Required work: Reproduce exactly, leaving out pictures, each line from the one holding "Ford Focus III · Trend — фото 5" through the final line of the listing, and add nothing.
------------------------
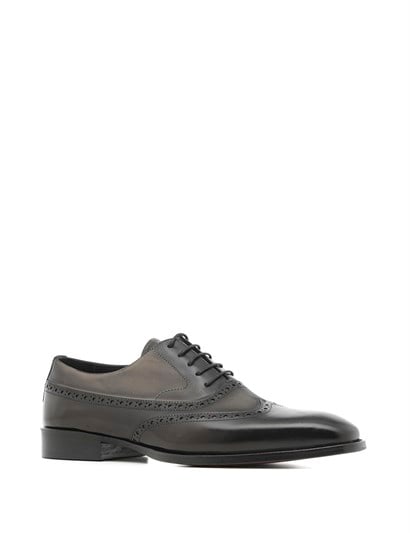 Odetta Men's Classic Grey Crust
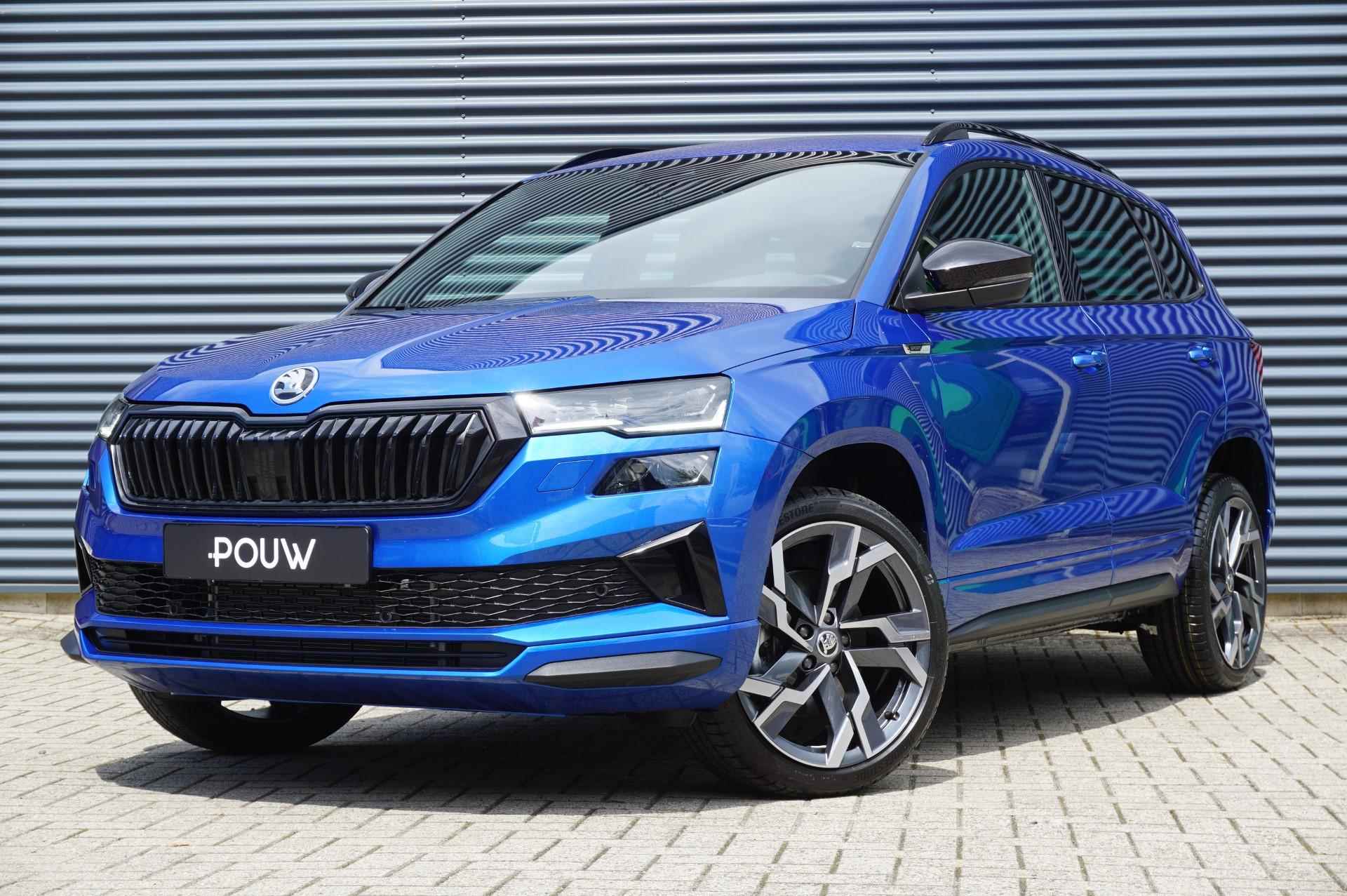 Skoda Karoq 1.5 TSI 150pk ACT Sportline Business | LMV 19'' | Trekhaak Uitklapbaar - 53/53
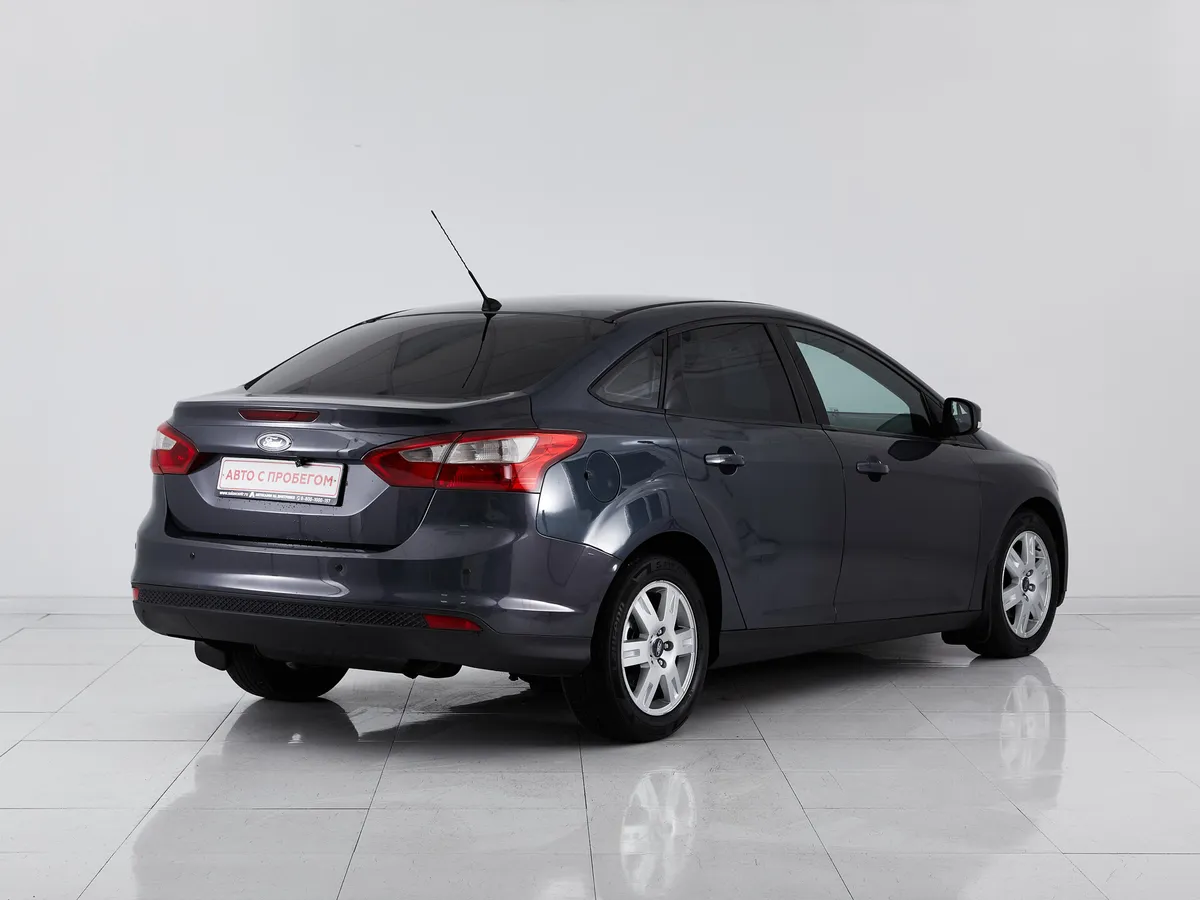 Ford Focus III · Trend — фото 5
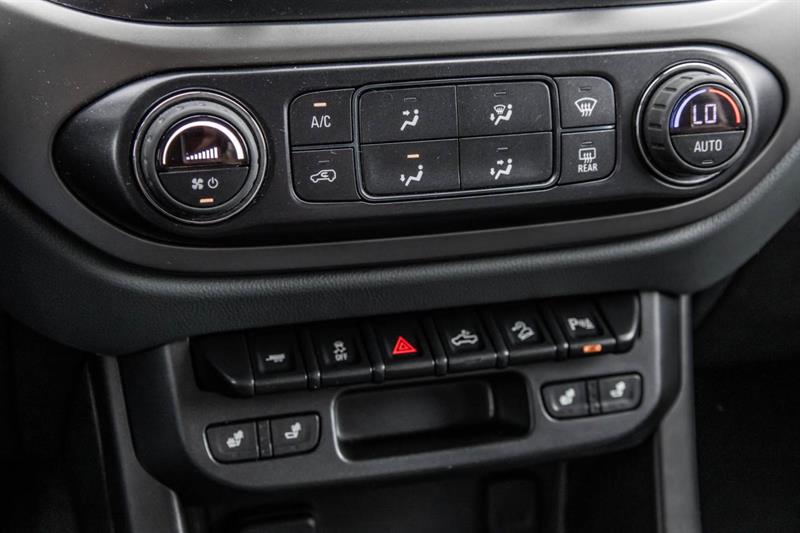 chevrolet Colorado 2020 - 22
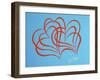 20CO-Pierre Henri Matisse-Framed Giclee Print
------------------------
Answer to this problem:
 Ford Focus III · Trend — фото 5
 chevrolet Colorado 2020 - 22
 20CO-Pierre Henri Matisse-Framed Giclee Print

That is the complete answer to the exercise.